_Exercise materials_
######
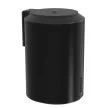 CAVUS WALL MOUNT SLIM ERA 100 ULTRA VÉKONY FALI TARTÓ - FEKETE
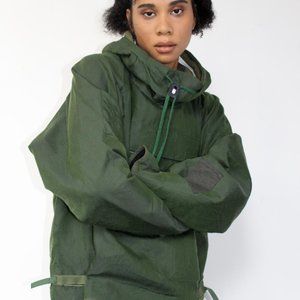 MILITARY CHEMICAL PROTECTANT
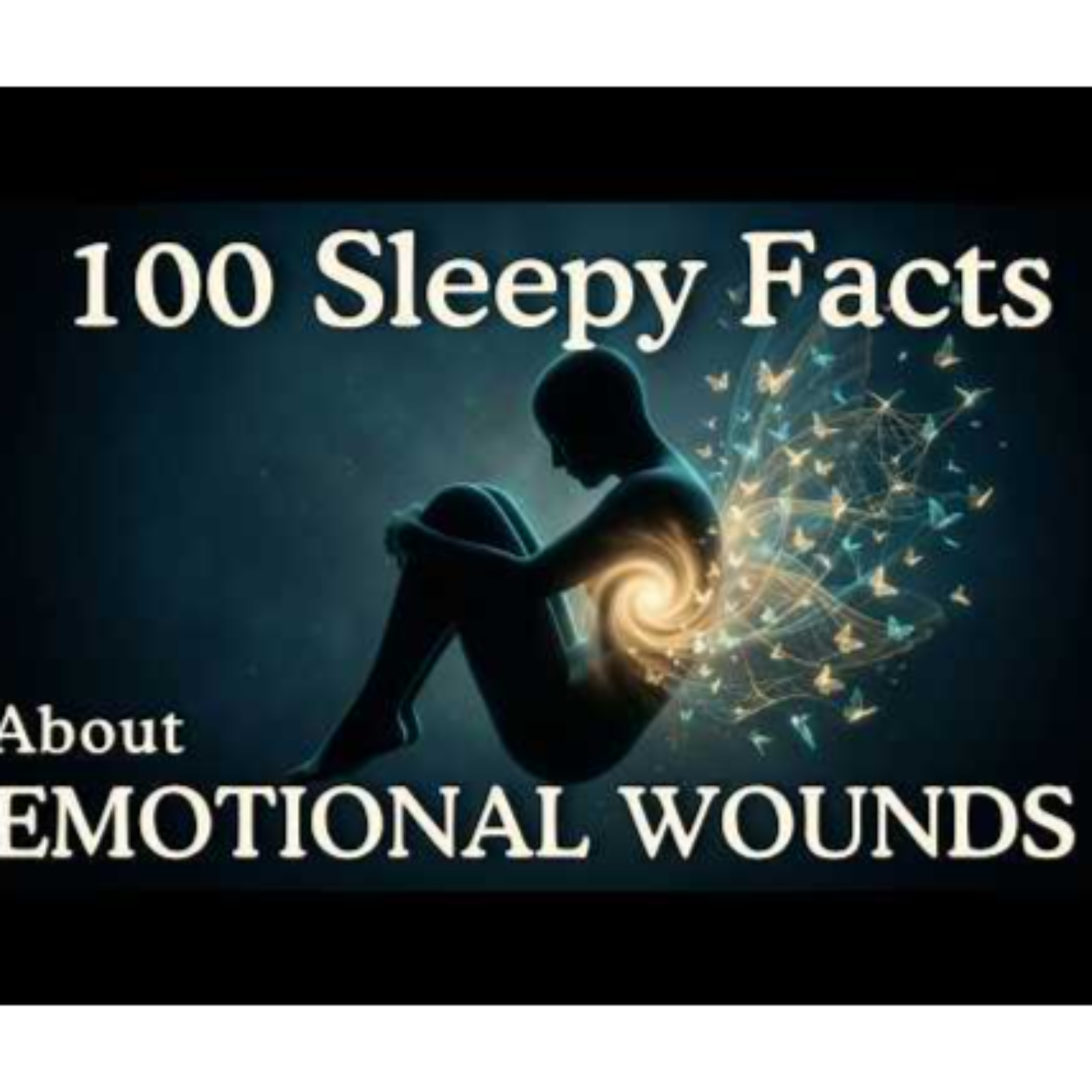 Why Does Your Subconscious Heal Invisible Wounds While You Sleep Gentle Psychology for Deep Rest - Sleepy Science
######
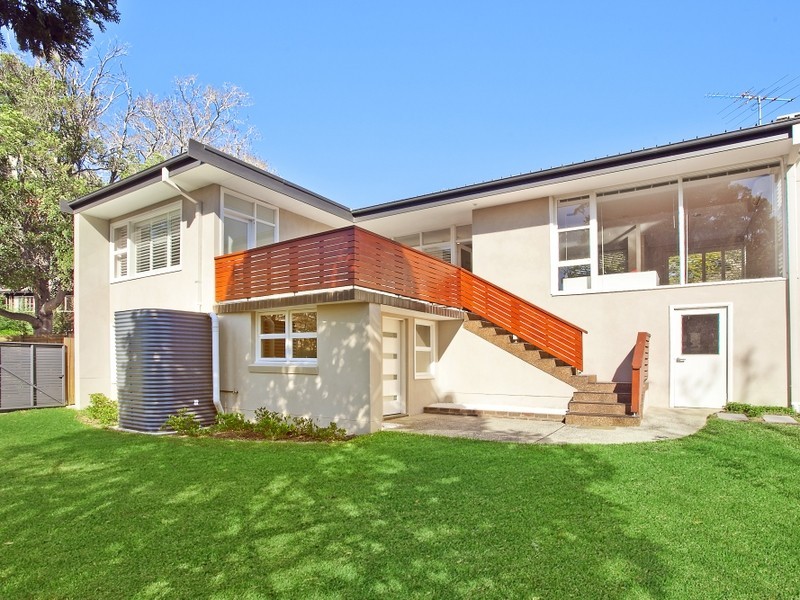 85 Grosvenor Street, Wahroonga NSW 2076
######
_Exercise prompt_
Your answer must be the lines above from the one holding "CAVUS WALL MOUNT" up to and including the one holding "Why Does Your", exact and with no pictures.

_Output for this exercise_
 CAVUS WALL MOUNT SLIM ERA 100 ULTRA VÉKONY FALI TARTÓ - FEKETE
 MILITARY CHEMICAL PROTECTANT
 Why Does Your Subconscious Heal Invisible Wounds While You Sleep Gentle Psychology for Deep Rest - Sleepy Science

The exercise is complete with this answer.